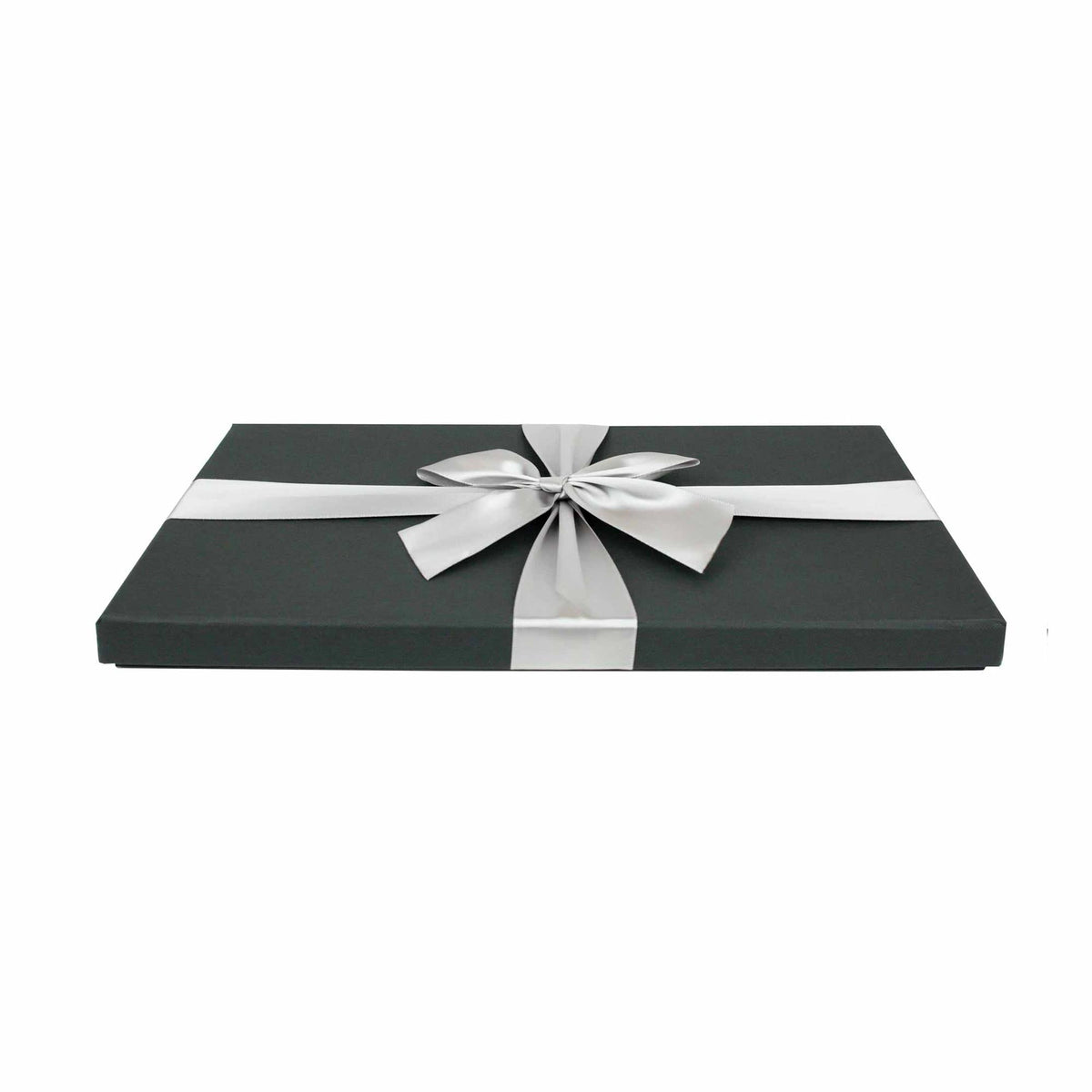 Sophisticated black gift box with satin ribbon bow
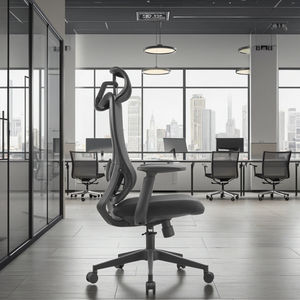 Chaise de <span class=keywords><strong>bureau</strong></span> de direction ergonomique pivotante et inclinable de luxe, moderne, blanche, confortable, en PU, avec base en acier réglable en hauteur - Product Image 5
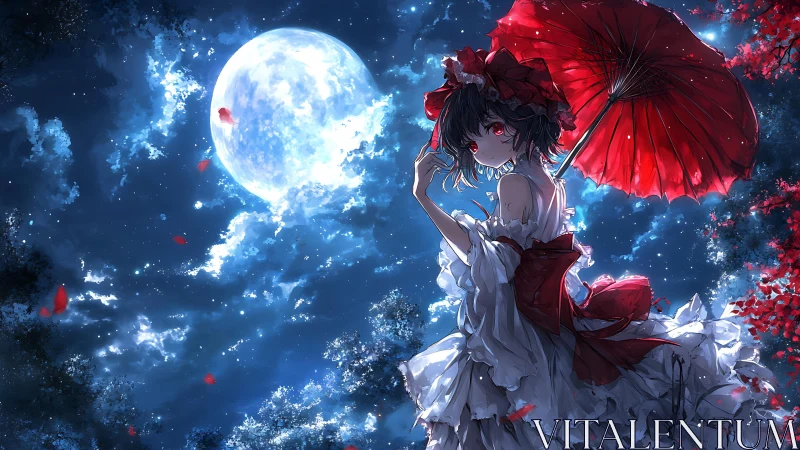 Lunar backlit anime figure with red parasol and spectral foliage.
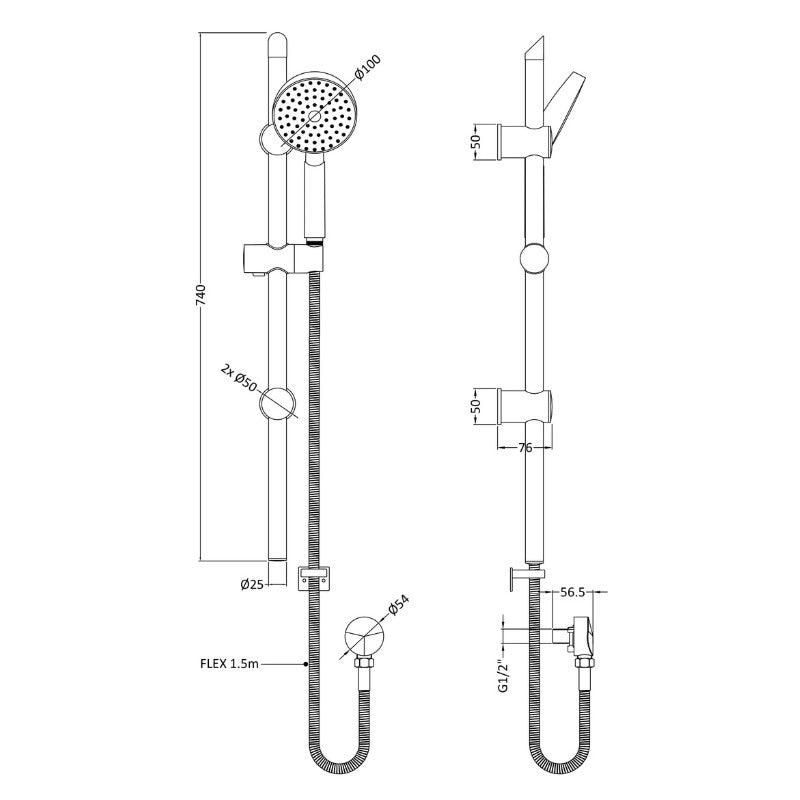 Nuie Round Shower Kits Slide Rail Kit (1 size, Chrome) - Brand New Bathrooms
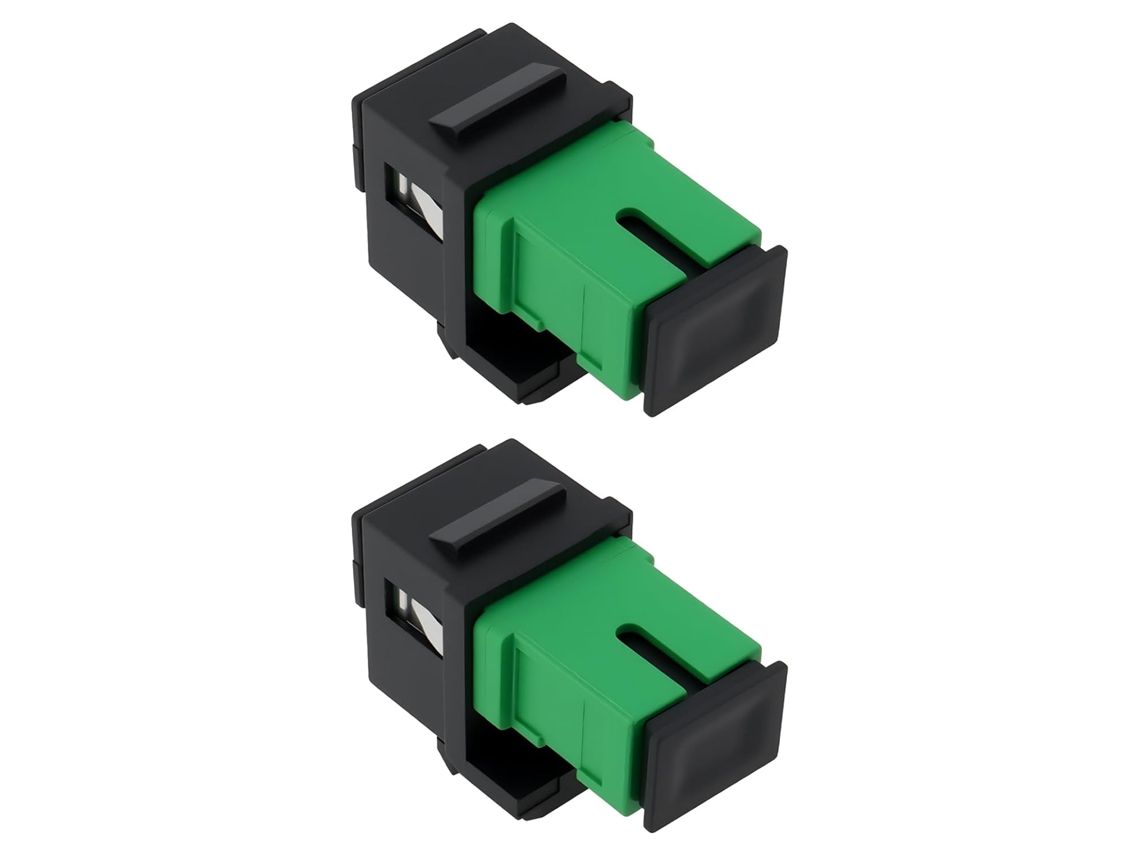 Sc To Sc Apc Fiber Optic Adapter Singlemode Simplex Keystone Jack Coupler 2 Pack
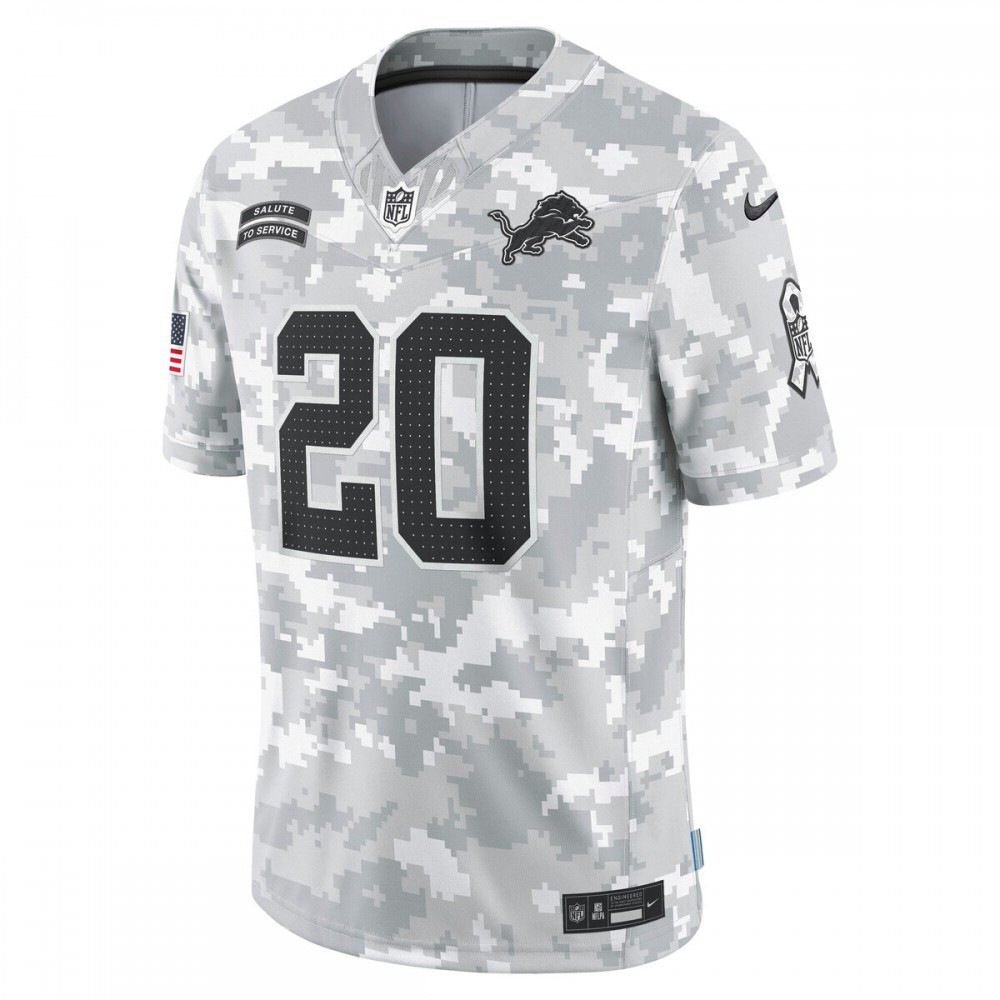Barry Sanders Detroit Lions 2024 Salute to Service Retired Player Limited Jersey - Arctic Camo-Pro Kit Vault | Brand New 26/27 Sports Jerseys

TASK :: Extract all the entries word for word; omit any pictures.

ANSWER FOR THIS EXERCISE ::
 Sophisticated black gift box with satin ribbon bow
 Chaise de <span class=keywords><strong>bureau</strong></span> de direction ergonomique pivotante et inclinable de luxe, moderne, blanche, confortable, en PU, avec base en acier réglable en hauteur - Product Image 5
 Lunar backlit anime figure with red parasol and spectral foliage.
 Nuie Round Shower Kits Slide Rail Kit (1 size, Chrome) - Brand New Bathrooms
 Sc To Sc Apc Fiber Optic Adapter Singlemode Simplex Keystone Jack Coupler 2 Pack
Barry Sanders Detroit Lions 2024 Salute to Service Retired Player Limited Jersey - Arctic Camo-Pro Kit Vault | Brand New 26/27 Sports Jerseys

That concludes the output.